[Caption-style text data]
────────────────────────────────────────

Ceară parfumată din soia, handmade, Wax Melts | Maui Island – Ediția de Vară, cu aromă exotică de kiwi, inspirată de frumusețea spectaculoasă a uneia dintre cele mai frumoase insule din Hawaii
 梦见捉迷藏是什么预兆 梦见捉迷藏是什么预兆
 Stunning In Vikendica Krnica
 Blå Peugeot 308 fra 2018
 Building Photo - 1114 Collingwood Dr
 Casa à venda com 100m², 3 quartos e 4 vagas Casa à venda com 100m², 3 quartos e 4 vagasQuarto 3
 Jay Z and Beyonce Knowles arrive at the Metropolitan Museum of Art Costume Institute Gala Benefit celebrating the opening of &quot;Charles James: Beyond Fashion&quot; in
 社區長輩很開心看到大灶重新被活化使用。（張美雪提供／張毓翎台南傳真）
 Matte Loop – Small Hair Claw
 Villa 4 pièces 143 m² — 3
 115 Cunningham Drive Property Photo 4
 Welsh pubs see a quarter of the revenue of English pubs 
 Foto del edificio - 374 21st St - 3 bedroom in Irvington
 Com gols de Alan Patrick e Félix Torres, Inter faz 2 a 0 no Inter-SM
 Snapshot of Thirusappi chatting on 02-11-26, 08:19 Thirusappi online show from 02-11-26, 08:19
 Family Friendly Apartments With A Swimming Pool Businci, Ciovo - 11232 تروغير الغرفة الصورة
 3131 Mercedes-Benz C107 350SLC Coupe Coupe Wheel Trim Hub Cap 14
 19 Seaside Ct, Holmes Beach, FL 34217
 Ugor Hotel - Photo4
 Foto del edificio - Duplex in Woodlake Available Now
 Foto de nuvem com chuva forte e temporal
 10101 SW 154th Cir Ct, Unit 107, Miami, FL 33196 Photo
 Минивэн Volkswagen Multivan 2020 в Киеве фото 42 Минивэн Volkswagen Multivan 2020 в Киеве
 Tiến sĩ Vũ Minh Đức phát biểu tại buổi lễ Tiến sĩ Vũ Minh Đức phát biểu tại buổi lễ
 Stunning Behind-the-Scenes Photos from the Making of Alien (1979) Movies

────────────────────────────────────────

▶ _Work instructions_
Please copy, word for word, every line from the first line of the records through the line containing "Jay Z and Beyonce", with both of those lines included and nothing else.

▶ _Solution_
Ceară parfumată din soia, handmade, Wax Melts | Maui Island – Ediția de Vară, cu aromă exotică de kiwi, inspirată de frumusețea spectaculoasă a uneia dintre cele mai frumoase insule din Hawaii
 梦见捉迷藏是什么预兆 梦见捉迷藏是什么预兆
 Stunning In Vikendica Krnica
 Blå Peugeot 308 fra 2018
 Building Photo - 1114 Collingwood Dr
 Casa à venda com 100m², 3 quartos e 4 vagas Casa à venda com 100m², 3 quartos e 4 vagasQuarto 3
 Jay Z and Beyonce Knowles arrive at the Metropolitan Museum of Art Costume Institute Gala Benefit celebrating the opening of &quot;Charles James: Beyond Fashion&quot; in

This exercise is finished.